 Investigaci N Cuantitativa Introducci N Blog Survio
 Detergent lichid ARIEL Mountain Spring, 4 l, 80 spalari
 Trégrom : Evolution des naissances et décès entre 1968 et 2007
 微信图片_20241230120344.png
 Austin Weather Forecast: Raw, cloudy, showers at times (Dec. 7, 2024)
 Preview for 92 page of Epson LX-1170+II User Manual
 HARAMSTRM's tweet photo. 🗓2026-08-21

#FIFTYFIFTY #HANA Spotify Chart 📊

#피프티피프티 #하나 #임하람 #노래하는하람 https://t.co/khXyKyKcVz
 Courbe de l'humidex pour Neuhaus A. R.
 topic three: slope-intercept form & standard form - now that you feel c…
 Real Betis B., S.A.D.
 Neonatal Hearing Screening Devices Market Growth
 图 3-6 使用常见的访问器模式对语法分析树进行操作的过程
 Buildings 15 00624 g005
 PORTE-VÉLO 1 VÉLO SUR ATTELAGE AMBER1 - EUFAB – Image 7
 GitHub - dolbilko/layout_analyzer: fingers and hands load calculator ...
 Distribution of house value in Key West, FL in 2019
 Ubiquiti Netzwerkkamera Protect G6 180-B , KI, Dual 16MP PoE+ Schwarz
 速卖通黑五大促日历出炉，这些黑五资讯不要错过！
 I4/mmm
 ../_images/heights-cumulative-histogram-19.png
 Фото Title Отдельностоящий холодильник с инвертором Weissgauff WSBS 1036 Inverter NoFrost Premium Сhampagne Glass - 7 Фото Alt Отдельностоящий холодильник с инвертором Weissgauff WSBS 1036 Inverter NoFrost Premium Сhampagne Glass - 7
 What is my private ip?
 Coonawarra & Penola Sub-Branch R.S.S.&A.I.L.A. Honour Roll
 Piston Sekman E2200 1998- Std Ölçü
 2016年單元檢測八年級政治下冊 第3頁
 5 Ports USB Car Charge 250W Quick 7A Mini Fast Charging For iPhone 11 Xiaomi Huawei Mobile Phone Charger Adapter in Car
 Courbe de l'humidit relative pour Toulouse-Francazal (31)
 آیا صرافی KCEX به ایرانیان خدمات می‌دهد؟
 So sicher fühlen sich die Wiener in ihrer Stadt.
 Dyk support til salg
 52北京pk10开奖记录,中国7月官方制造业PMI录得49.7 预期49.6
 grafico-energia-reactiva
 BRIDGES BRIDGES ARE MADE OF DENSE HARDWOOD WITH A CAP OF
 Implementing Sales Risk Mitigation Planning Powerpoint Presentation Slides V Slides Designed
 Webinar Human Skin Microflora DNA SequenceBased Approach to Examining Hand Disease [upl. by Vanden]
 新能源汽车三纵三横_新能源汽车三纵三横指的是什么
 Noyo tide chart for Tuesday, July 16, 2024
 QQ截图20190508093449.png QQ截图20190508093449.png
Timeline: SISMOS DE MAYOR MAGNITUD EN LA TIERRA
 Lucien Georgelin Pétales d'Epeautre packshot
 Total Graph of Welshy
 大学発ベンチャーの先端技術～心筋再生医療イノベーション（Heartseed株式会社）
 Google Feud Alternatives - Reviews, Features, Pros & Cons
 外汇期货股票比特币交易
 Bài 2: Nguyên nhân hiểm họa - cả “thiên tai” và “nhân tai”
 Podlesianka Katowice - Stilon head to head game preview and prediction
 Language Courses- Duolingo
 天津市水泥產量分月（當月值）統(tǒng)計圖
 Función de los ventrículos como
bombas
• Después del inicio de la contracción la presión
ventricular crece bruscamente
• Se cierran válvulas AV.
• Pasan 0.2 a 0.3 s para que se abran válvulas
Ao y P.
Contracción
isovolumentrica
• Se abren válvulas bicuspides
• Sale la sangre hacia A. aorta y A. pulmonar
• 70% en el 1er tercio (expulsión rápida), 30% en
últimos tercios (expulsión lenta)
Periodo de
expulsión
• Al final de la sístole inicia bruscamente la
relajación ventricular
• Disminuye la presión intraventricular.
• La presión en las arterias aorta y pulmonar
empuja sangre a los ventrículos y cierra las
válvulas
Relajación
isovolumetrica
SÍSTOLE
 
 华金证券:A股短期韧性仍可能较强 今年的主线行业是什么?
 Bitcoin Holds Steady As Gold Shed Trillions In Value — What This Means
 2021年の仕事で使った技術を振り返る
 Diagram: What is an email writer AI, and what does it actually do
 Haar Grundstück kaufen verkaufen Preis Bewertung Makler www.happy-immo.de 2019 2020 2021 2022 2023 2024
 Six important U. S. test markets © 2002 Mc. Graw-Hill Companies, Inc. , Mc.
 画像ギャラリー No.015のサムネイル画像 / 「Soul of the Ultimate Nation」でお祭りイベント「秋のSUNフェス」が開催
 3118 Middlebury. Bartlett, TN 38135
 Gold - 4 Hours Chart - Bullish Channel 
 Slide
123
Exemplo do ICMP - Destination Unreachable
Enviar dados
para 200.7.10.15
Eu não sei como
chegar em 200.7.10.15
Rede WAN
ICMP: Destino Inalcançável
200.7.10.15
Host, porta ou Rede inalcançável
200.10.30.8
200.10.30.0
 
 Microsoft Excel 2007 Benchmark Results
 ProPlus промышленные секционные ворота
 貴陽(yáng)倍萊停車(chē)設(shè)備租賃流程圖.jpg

===

Exercise prompt: Copy out every line in the entries above that holds "como".

Output of the exercise:
 Función de los ventrículos como
Eu não sei como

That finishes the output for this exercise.